Provided data →

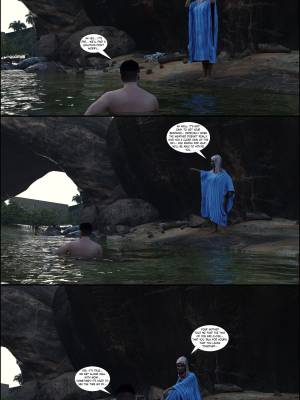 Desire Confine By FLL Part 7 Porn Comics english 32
==
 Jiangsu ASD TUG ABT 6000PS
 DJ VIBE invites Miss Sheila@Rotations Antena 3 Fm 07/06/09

What the task asks →
Begin at the line that has "Jiangsu ASD TUG ABT 6000PS" in the entries above; stop after the line that has "DJ VIBE invites". Transcribe exactly those lines and no others.

Exercise result →
 Jiangsu ASD TUG ABT 6000PS
 DJ VIBE invites Miss Sheila@Rotations Antena 3 Fm 07/06/09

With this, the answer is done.